Chris Dew

writes about software development

Holographic Views of Data

An algorithm for creating unlimited, redundant, orthogonal views of data – and regenerating original data from any available views (whose aggregate size exceed that of the original data).

Update

Thanks to everyone for your comments by email – chris@chrisdew.com

I can summarise: I am completely out of my depth here – there is extensive work already done on this area:

I had not encountered any obvious explicit uses of this type of work, though it may be in use at lower levels of communication protocols.

Where is my HyperZFS filesystem? (Where my data is accessible so long as I have working disks whose aggregate size exceeds the size of my data.)

TL;DR;

I’ve just invented a fountain code.
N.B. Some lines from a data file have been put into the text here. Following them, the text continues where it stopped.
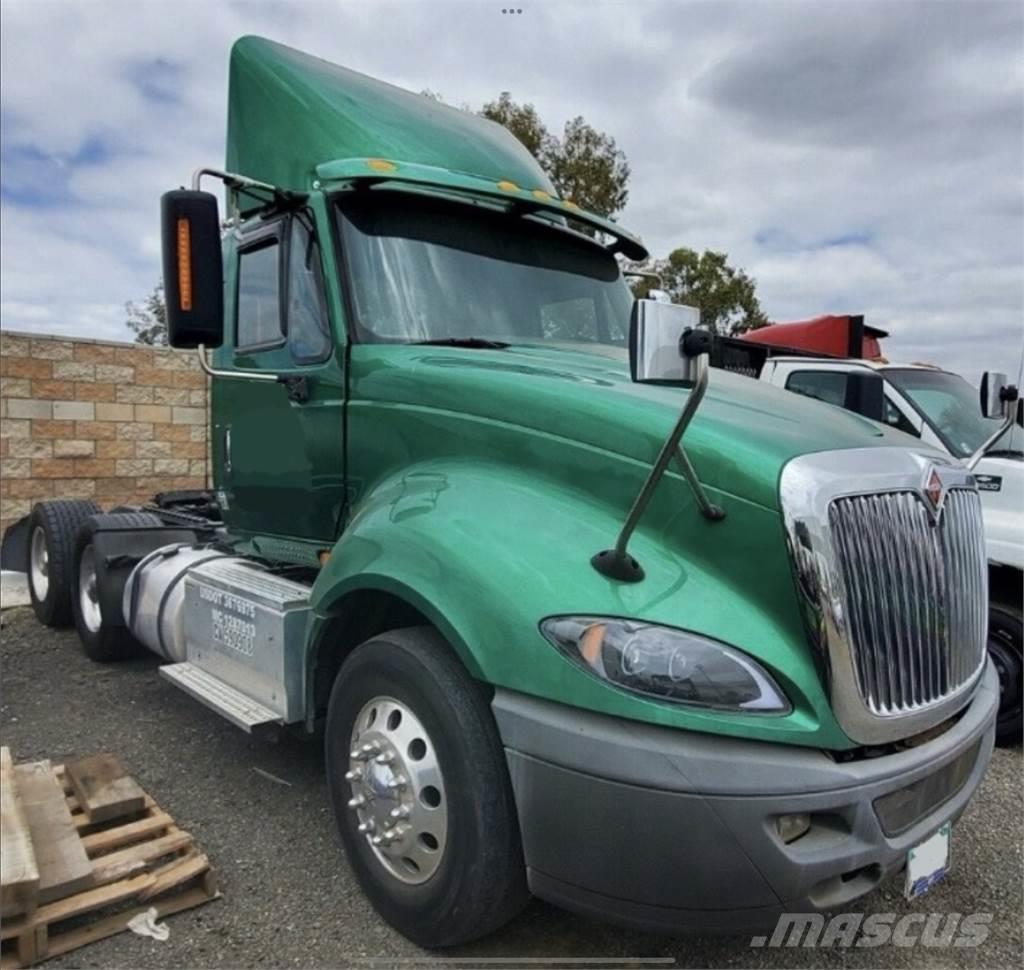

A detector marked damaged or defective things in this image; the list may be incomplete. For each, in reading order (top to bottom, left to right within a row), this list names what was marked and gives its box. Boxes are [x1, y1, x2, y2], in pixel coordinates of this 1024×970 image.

broken pallet board [0, 745, 38, 921]
broken pallet board [12, 762, 92, 905]
broken pallet board [62, 753, 144, 823]
broken pallet board [0, 766, 216, 962]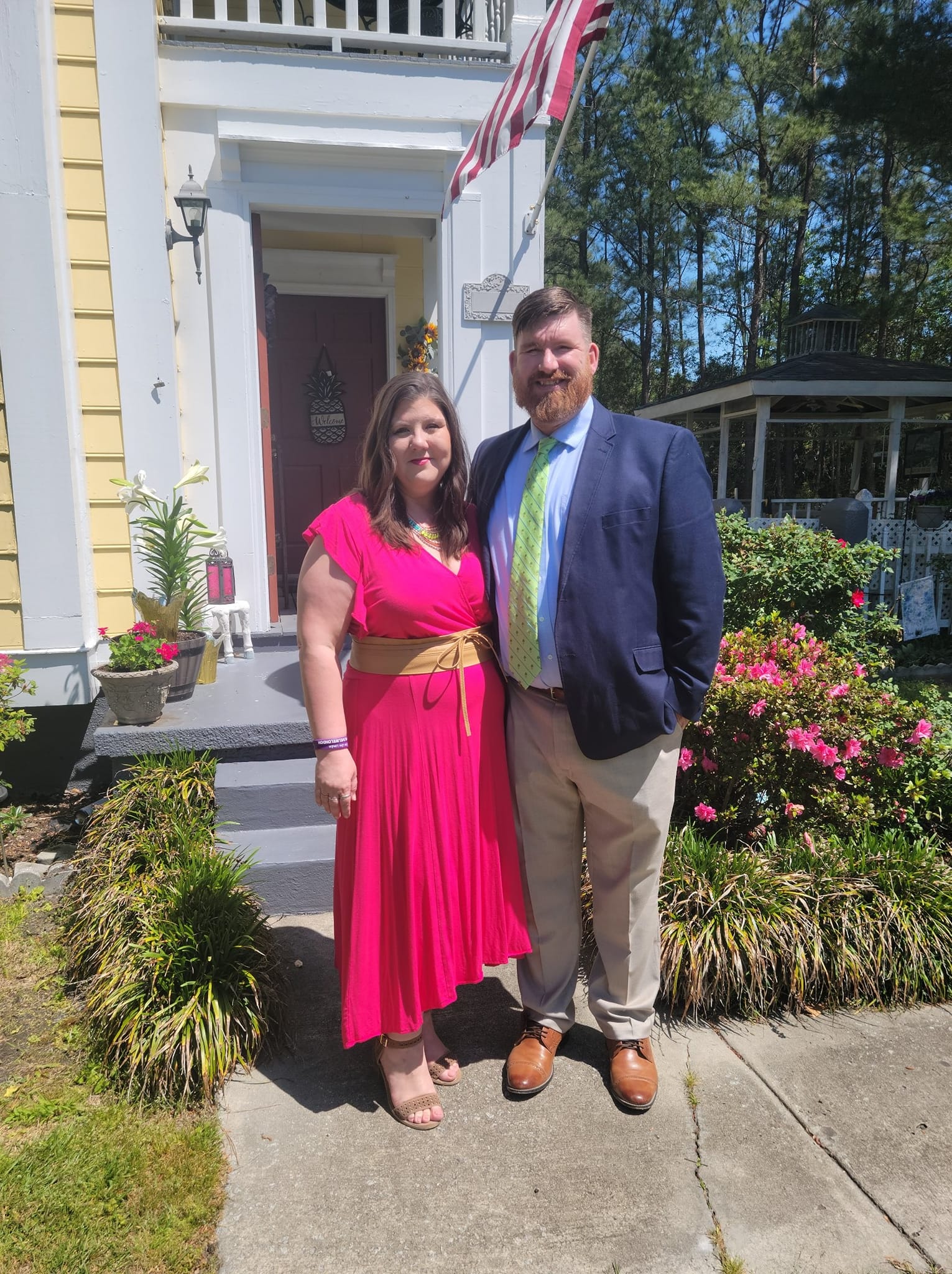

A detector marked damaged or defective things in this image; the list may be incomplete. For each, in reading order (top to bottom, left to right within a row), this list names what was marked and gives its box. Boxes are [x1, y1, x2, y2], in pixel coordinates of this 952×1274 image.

crack in sidewalk [682, 1039, 753, 1274]
crack in sidewalk [713, 1019, 946, 1274]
As far as I can tell, it’s not the LT Code, the Raptor Code or an Online Code. (I don’t use XOR or polynomials, which LT and Raptor do, and it’s a single phase algorithm, which Online Codes aren’t).
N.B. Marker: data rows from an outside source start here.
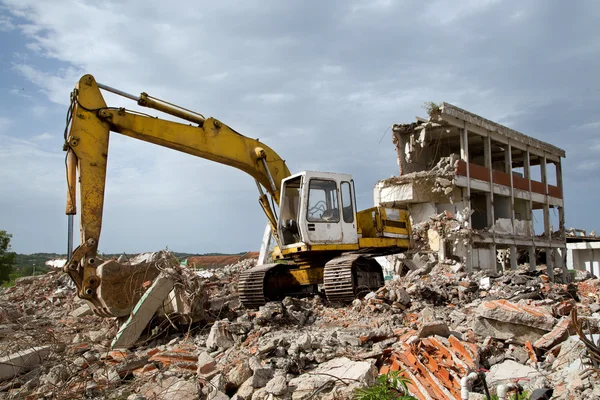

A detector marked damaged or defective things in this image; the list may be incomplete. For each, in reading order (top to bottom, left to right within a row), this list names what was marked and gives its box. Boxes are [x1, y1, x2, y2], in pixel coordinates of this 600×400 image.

broken slab [110, 274, 175, 348]
broken concrete chunk [110, 274, 175, 348]
broken concrete chunk [206, 318, 234, 350]
broken slab [472, 300, 556, 344]
broken concrete chunk [0, 344, 51, 382]
broken slab [0, 346, 52, 382]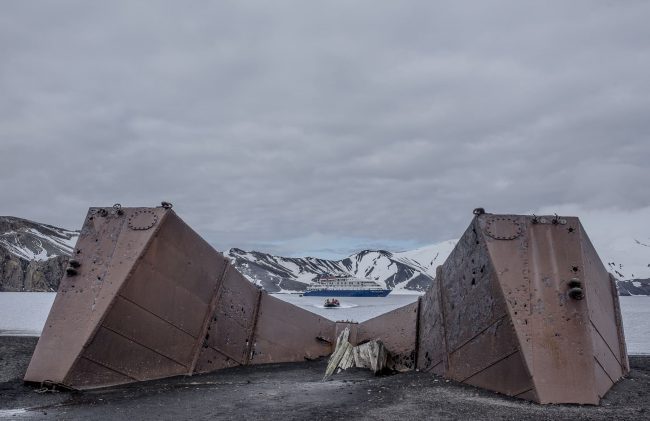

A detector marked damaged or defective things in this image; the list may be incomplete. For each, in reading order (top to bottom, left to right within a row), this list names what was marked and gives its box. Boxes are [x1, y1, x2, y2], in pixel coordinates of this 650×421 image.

large rusty steel panel [25, 207, 166, 384]
rusted metal tank structure [22, 205, 336, 388]
crumpled sheet metal [24, 206, 340, 388]
large rusty steel panel [249, 292, 334, 364]
large rusty steel panel [356, 302, 418, 368]
crumpled sheet metal [416, 213, 628, 404]
large rusty steel panel [416, 213, 628, 404]
rusted metal tank structure [416, 212, 628, 406]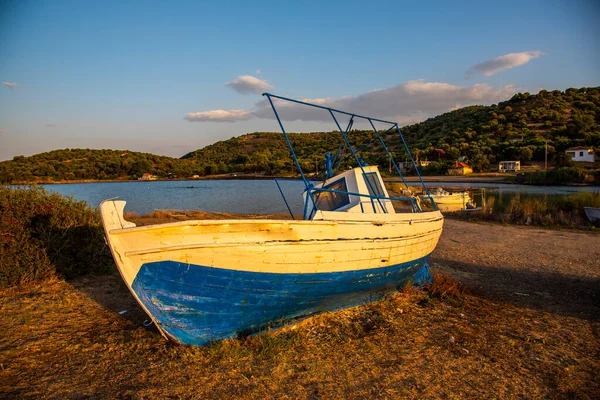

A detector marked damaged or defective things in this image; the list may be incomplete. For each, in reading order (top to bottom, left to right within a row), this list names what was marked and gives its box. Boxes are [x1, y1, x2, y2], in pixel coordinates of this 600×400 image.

peeling paint on hull [131, 258, 432, 346]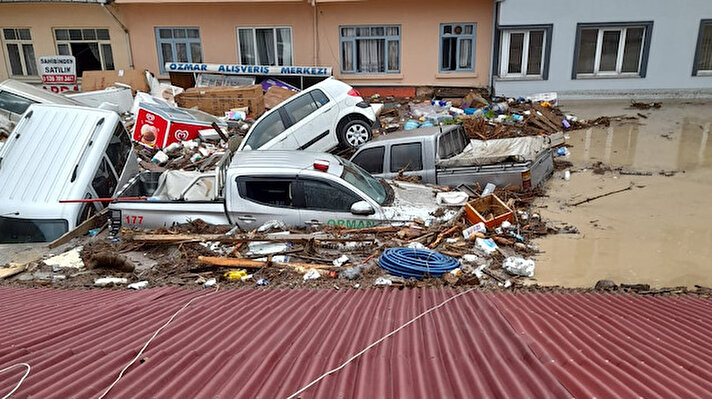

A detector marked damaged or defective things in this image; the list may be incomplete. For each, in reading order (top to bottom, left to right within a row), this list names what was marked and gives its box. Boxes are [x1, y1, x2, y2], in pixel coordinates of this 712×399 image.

shattered window [1, 27, 37, 76]
shattered window [54, 27, 113, 76]
shattered window [154, 26, 202, 73]
shattered window [238, 26, 294, 66]
shattered window [340, 24, 400, 74]
shattered window [436, 23, 476, 72]
shattered window [498, 27, 548, 78]
shattered window [576, 25, 648, 79]
shattered window [696, 20, 712, 74]
shattered window [300, 180, 358, 212]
I don’t know whether what I’ve invented is faster than the existing fountain codes, at ~100MB/s/core on an i5. The single core en/decoding rate is similar to the rate at which you can read from spinning rust. You need several cores to saturate an SSD.

If you have any interest in this work, please contact me: chris@chrisdew.com.

Transcript

Hi, I’d like to ask whether an algorithm that I’ve developed, is new or useful.
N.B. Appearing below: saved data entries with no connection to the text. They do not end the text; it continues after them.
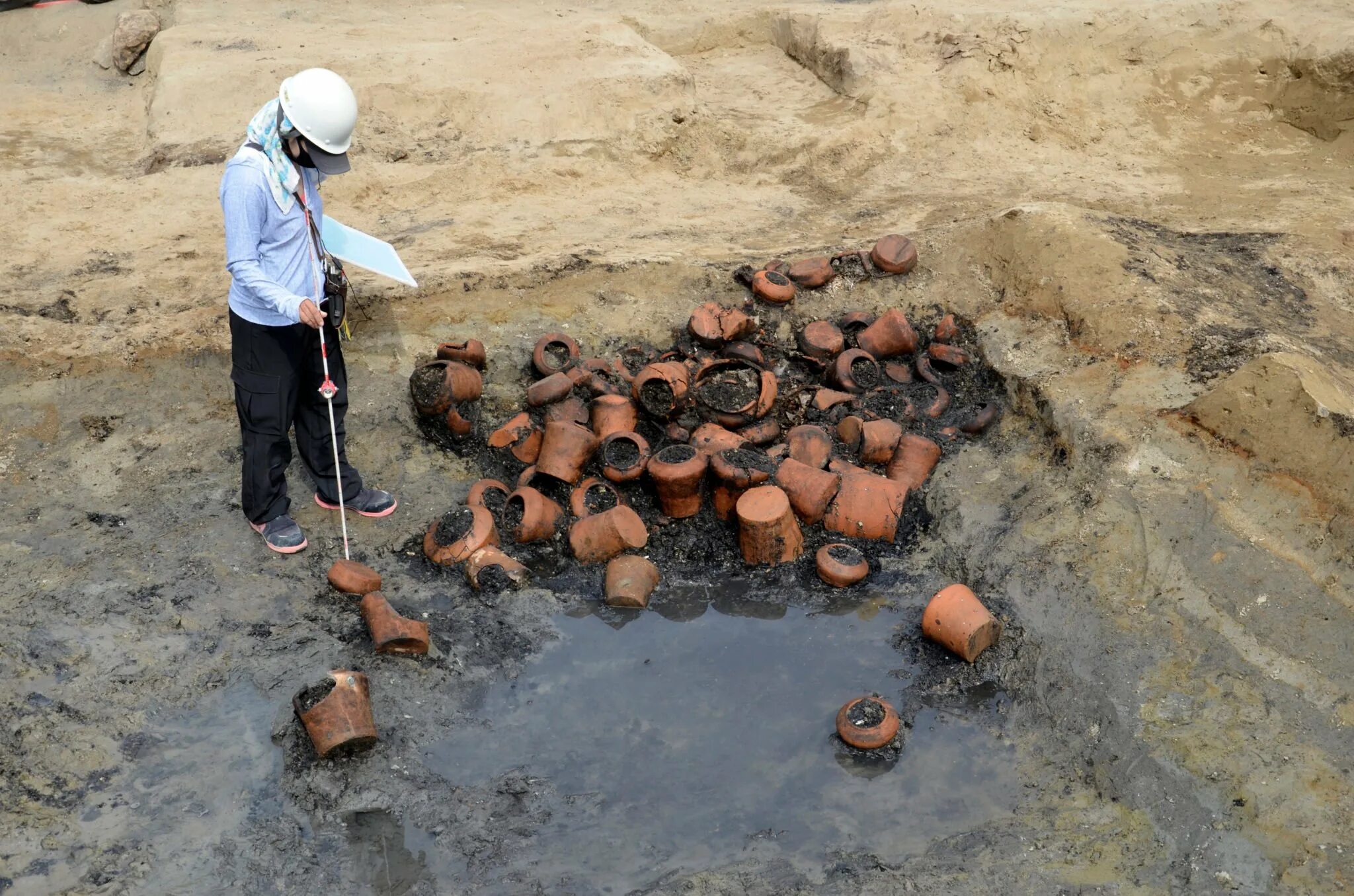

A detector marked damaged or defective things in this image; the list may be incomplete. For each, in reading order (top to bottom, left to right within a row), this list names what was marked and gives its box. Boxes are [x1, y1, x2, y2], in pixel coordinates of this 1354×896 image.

burned terracotta vessel [751, 271, 793, 305]
burned terracotta vessel [783, 256, 836, 288]
burned terracotta vessel [867, 234, 920, 276]
burned terracotta vessel [436, 338, 489, 370]
burned terracotta vessel [532, 337, 579, 378]
burned terracotta vessel [635, 362, 693, 420]
burned terracotta vessel [799, 321, 841, 362]
burned terracotta vessel [825, 352, 878, 394]
burned terracotta vessel [857, 309, 920, 362]
burned terracotta vessel [423, 510, 497, 566]
burned terracotta vessel [487, 415, 545, 468]
burned terracotta vessel [505, 489, 563, 544]
burned terracotta vessel [534, 420, 598, 484]
burned terracotta vessel [571, 478, 624, 521]
burned terracotta vessel [569, 510, 648, 566]
burned terracotta vessel [587, 399, 640, 444]
burned terracotta vessel [598, 433, 651, 484]
burned terracotta vessel [645, 444, 709, 521]
burned terracotta vessel [740, 489, 804, 566]
burned terracotta vessel [788, 426, 830, 473]
burned terracotta vessel [777, 460, 841, 523]
burned terracotta vessel [825, 473, 910, 544]
burned terracotta vessel [889, 436, 941, 492]
burned terracotta vessel [329, 560, 383, 597]
burned terracotta vessel [465, 552, 529, 592]
burned terracotta vessel [608, 555, 661, 611]
burned terracotta vessel [815, 544, 867, 592]
burned terracotta vessel [360, 592, 428, 655]
burned terracotta vessel [926, 587, 1000, 663]
burned terracotta vessel [295, 674, 378, 756]
burned terracotta vessel [836, 703, 899, 751]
I’m a Software Developer by trade but my background is in physics, not computer science.

Therefore I may have just reinvented the wheel here and have been too ignorant to see it.

The algorithm is inspired by holography, where every part of a hologram contains some of the information about all of the scene – I’ve named the binary ‘holo’.

Anyway, on to the demonstration…

First I’ll need some chunky data, to demonstrate that the algorithm isn’t stupidly slow.

For this I’ll use an Ubuntu iso image, though obviously the algorithm works on any type of binary data.

I’ll give the iso image a shorter name to save typing.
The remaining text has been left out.